حَدَّثَنَا مُحَمَّدُ بْنُ بَشَّارٍ حَدَّثَنَا أَبُو بَكْرٍ الْحَنَفِيُّ حَدَّثَنَا الضَّحَّاكُ بْنُ عُثْمَانَ عَنْ أَيُّوبَ بْنِ مُوسَى قَال سَمِعْتُ مُحَمَّدَ بْنَ كَعْبٍ الْقُرَظِيَّ قَال سَمِعْتُ عَبْدَ اللَّهِ بْنَ مَسْعُودٍ يَقُولُ قَالَ رَسُولُ اللَّهِ صَلَّى اللَّهُ عَلَيْهِ وَسَلَّمَ مَنْ قَرَأَ حَرْفًا مِنْ كِتَابِ اللَّهِ فَلَهُ بِهِ حَسَنَةٌ وَالْحَسَنَةُ بِعَشْرِ أَمْثَالِهَا لَا أَقُولُ الم حَرْفٌ وَلَكِنْ أَلِفٌ حَرْفٌ وَلَامٌ حَرْفٌ وَمِيمٌ حَرْفٌ .رواه الترمذى
Rosululloh saw bersabda : Barangsiapa yang membaca satu huruf dari kitab Allah, maka ia akan mendapatkan satu kebaikan dengan huruf itu, dan satu kebaikan akan dilipatgandakan menjadi sepuluh. Aku tidaklah mengatakan Alif Laam Miim itu satu huruf, tetapi alif satu huruf, Laam satu huruf dan Mim satu huruf.

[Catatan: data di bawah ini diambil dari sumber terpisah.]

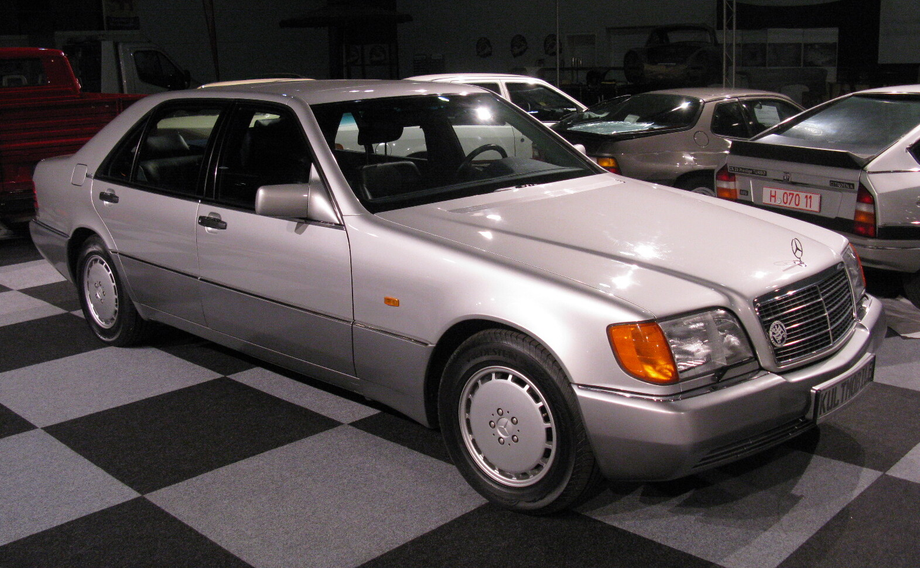 Mercedes-Benz W140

حَدَّثَنَا أَبُو سَعِيدٍ مَوْلَى بَنِي هَاشِمٍ حَدَّثَنَا عَبَّادُ بْنُ مَيْسَرَةَ عَنِ الْحَسَنِ الْبَصْرِيِّ عَنْ أَبِي هُرَيْرَةَ أَنَّ رَسُولَ اللَّهِ صَلَّى اللَّهُ عَلَيْهِ وَسَلَّمَ قَالَ مَنْ اسْتَمَعَ إِلَى آيَةٍ مِنْ كِتَابِ اللَّهِ تَعَالَى كُتِبَ لَهُ حَسَنَةٌ مُضَاعَفَةٌ وَمَنْ تَلَاهَا كَانَتْ لَهُ نُورًا يَوْمَ الْقِيَامَةِ .رواه أحمد
Rosululloh SAW bersabda : “Barang siapa mendengarkan ayat Al Qur’an maka baginya kebaikan yang berlipat, dan barang siapa membaca satu ayat dari Al Qur’an maka baginya cahaya pada hari qiamat.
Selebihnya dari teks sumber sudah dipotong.